Data supplied:
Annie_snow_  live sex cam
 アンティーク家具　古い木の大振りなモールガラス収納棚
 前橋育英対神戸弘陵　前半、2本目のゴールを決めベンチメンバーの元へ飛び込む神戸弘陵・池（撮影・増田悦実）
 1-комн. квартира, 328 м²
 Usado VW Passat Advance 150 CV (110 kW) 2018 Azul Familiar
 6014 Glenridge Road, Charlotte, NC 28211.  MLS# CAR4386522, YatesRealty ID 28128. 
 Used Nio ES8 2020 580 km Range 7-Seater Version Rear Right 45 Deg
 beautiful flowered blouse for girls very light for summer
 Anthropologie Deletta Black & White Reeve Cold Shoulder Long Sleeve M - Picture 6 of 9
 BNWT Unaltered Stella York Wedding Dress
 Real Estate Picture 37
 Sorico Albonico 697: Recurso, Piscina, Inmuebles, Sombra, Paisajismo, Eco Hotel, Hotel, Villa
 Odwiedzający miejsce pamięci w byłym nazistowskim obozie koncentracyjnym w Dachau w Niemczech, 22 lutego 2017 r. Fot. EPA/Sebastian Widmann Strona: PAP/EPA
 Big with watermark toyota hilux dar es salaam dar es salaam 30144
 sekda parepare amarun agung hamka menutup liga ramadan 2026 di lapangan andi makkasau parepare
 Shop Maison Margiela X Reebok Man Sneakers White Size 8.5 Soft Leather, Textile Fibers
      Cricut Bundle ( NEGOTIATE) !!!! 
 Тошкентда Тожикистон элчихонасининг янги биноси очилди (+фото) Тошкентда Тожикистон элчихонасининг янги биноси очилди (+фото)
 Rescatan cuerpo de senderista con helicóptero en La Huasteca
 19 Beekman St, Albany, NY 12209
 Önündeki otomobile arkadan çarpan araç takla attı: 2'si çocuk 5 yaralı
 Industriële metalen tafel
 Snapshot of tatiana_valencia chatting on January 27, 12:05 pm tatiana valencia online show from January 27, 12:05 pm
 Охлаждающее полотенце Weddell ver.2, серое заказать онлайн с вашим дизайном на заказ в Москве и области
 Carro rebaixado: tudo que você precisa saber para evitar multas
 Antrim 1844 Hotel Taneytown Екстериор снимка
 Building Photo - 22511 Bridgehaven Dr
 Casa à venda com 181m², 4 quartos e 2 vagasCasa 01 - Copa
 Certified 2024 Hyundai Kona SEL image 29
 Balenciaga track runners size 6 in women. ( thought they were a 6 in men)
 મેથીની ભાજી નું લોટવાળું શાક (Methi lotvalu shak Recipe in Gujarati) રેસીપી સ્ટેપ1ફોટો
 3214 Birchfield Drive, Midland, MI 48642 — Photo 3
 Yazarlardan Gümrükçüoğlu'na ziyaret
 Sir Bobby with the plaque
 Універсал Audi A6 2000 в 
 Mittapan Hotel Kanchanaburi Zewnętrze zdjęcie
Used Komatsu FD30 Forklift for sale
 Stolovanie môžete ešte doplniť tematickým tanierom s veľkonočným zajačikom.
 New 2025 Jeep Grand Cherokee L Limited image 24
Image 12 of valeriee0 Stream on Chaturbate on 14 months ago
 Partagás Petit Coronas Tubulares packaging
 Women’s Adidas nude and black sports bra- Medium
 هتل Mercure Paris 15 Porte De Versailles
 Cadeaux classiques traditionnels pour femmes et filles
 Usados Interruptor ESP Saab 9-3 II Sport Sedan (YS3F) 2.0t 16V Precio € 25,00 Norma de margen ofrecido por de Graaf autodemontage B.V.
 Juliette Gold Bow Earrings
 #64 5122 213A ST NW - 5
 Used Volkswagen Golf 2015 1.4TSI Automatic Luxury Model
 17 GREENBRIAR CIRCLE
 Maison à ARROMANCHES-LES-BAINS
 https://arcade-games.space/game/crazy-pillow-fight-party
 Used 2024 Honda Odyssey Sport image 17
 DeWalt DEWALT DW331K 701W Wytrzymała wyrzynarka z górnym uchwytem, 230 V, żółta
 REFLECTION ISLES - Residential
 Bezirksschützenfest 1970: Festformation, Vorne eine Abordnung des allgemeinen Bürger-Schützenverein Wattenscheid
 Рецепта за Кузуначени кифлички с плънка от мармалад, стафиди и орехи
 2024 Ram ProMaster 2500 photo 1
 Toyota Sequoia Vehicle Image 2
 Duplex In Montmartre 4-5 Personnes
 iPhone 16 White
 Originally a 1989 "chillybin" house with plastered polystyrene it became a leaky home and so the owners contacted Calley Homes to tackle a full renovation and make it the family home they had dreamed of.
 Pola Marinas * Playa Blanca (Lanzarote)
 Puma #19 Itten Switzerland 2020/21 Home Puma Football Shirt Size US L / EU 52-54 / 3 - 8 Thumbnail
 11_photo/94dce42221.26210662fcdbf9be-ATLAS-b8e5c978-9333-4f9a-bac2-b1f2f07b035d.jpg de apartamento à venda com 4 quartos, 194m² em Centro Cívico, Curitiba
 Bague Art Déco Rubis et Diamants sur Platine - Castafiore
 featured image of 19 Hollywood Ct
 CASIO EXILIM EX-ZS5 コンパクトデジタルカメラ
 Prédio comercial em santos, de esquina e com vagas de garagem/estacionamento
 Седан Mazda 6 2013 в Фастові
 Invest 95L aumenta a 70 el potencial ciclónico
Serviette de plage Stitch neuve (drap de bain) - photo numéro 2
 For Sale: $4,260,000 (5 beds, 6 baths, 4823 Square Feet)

Exercise description: In full and without change, transcribe every line of the records above.

Final answer:
Annie_snow_  live sex cam
 アンティーク家具　古い木の大振りなモールガラス収納棚
 前橋育英対神戸弘陵　前半、2本目のゴールを決めベンチメンバーの元へ飛び込む神戸弘陵・池（撮影・増田悦実）
 1-комн. квартира, 328 м²
 Usado VW Passat Advance 150 CV (110 kW) 2018 Azul Familiar
 6014 Glenridge Road, Charlotte, NC 28211.  MLS# CAR4386522, YatesRealty ID 28128. 
 Used Nio ES8 2020 580 km Range 7-Seater Version Rear Right 45 Deg
 beautiful flowered blouse for girls very light for summer
 Anthropologie Deletta Black & White Reeve Cold Shoulder Long Sleeve M - Picture 6 of 9
 BNWT Unaltered Stella York Wedding Dress
 Real Estate Picture 37
 Sorico Albonico 697: Recurso, Piscina, Inmuebles, Sombra, Paisajismo, Eco Hotel, Hotel, Villa
 Odwiedzający miejsce pamięci w byłym nazistowskim obozie koncentracyjnym w Dachau w Niemczech, 22 lutego 2017 r. Fot. EPA/Sebastian Widmann Strona: PAP/EPA
 Big with watermark toyota hilux dar es salaam dar es salaam 30144
 sekda parepare amarun agung hamka menutup liga ramadan 2026 di lapangan andi makkasau parepare
 Shop Maison Margiela X Reebok Man Sneakers White Size 8.5 Soft Leather, Textile Fibers
      Cricut Bundle ( NEGOTIATE) !!!! 
 Тошкентда Тожикистон элчихонасининг янги биноси очилди (+фото) Тошкентда Тожикистон элчихонасининг янги биноси очилди (+фото)
 Rescatan cuerpo de senderista con helicóptero en La Huasteca
 19 Beekman St, Albany, NY 12209
 Önündeki otomobile arkadan çarpan araç takla attı: 2'si çocuk 5 yaralı
 Industriële metalen tafel
 Snapshot of tatiana_valencia chatting on January 27, 12:05 pm tatiana valencia online show from January 27, 12:05 pm
 Охлаждающее полотенце Weddell ver.2, серое заказать онлайн с вашим дизайном на заказ в Москве и области
 Carro rebaixado: tudo que você precisa saber para evitar multas
 Antrim 1844 Hotel Taneytown Екстериор снимка
 Building Photo - 22511 Bridgehaven Dr
 Casa à venda com 181m², 4 quartos e 2 vagasCasa 01 - Copa
 Certified 2024 Hyundai Kona SEL image 29
 Balenciaga track runners size 6 in women. ( thought they were a 6 in men)
 મેથીની ભાજી નું લોટવાળું શાક (Methi lotvalu shak Recipe in Gujarati) રેસીપી સ્ટેપ1ફોટો
 3214 Birchfield Drive, Midland, MI 48642 — Photo 3
 Yazarlardan Gümrükçüoğlu'na ziyaret
 Sir Bobby with the plaque
 Універсал Audi A6 2000 в 
 Mittapan Hotel Kanchanaburi Zewnętrze zdjęcie
Used Komatsu FD30 Forklift for sale
 Stolovanie môžete ešte doplniť tematickým tanierom s veľkonočným zajačikom.
 New 2025 Jeep Grand Cherokee L Limited image 24
Image 12 of valeriee0 Stream on Chaturbate on 14 months ago
 Partagás Petit Coronas Tubulares packaging
 Women’s Adidas nude and black sports bra- Medium
 هتل Mercure Paris 15 Porte De Versailles
 Cadeaux classiques traditionnels pour femmes et filles
 Usados Interruptor ESP Saab 9-3 II Sport Sedan (YS3F) 2.0t 16V Precio € 25,00 Norma de margen ofrecido por de Graaf autodemontage B.V.
 Juliette Gold Bow Earrings
 #64 5122 213A ST NW - 5
 Used Volkswagen Golf 2015 1.4TSI Automatic Luxury Model
 17 GREENBRIAR CIRCLE
 Maison à ARROMANCHES-LES-BAINS
 https://arcade-games.space/game/crazy-pillow-fight-party
 Used 2024 Honda Odyssey Sport image 17
 DeWalt DEWALT DW331K 701W Wytrzymała wyrzynarka z górnym uchwytem, 230 V, żółta
 REFLECTION ISLES - Residential
 Bezirksschützenfest 1970: Festformation, Vorne eine Abordnung des allgemeinen Bürger-Schützenverein Wattenscheid
 Рецепта за Кузуначени кифлички с плънка от мармалад, стафиди и орехи
 2024 Ram ProMaster 2500 photo 1
 Toyota Sequoia Vehicle Image 2
 Duplex In Montmartre 4-5 Personnes
 iPhone 16 White
 Originally a 1989 "chillybin" house with plastered polystyrene it became a leaky home and so the owners contacted Calley Homes to tackle a full renovation and make it the family home they had dreamed of.
 Pola Marinas * Playa Blanca (Lanzarote)
 Puma #19 Itten Switzerland 2020/21 Home Puma Football Shirt Size US L / EU 52-54 / 3 - 8 Thumbnail
 11_photo/94dce42221.26210662fcdbf9be-ATLAS-b8e5c978-9333-4f9a-bac2-b1f2f07b035d.jpg de apartamento à venda com 4 quartos, 194m² em Centro Cívico, Curitiba
 Bague Art Déco Rubis et Diamants sur Platine - Castafiore
 featured image of 19 Hollywood Ct
 CASIO EXILIM EX-ZS5 コンパクトデジタルカメラ
 Prédio comercial em santos, de esquina e com vagas de garagem/estacionamento
 Седан Mazda 6 2013 в Фастові
 Invest 95L aumenta a 70 el potencial ciclónico
Serviette de plage Stitch neuve (drap de bain) - photo numéro 2
 For Sale: $4,260,000 (5 beds, 6 baths, 4823 Square Feet)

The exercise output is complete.